You probably want something like:

xs = stream.iterate(min_urls_titles)
ys = stream.starmap(xs, fetch, ordered=True, task_limit=100)
zs = stream.starmap(ys, process)
await zs

where fetch returns the values to be processed by process.

1ycx commented 6 years ago

@vxgmichel Even when I return somthing to ys, I straight away get an error :

Novel URL Set

Traceback (most recent call last):
  File "python", line 118, in <module>
  File "python", line 88, in main
NameError: name 'process' is not defined

Can you tell me what is the process in

zs = stream.map(ys, process)

?

vxgmichel commented 6 years ago

Sure, it's up to you to write the process function.
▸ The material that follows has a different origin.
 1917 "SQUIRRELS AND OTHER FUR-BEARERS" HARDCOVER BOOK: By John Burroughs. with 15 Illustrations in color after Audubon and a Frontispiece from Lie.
You probably want to define it as:

def process(response, title):
    s = bs(response, "html5lib")    
    div = s.select_one("#chaptercontent")
    c2 = epub.EpubHtml(title=title, file_name=title+'.xhtml', lang='hr')
    c2.content = div.encode("utf-8")
    book.add_item(c2)
    book.toc.append(c2)    
    book.spine.append(c2)
    print("Parsed Chapter :", title)
    counter += 1

With fetch returning (response, title).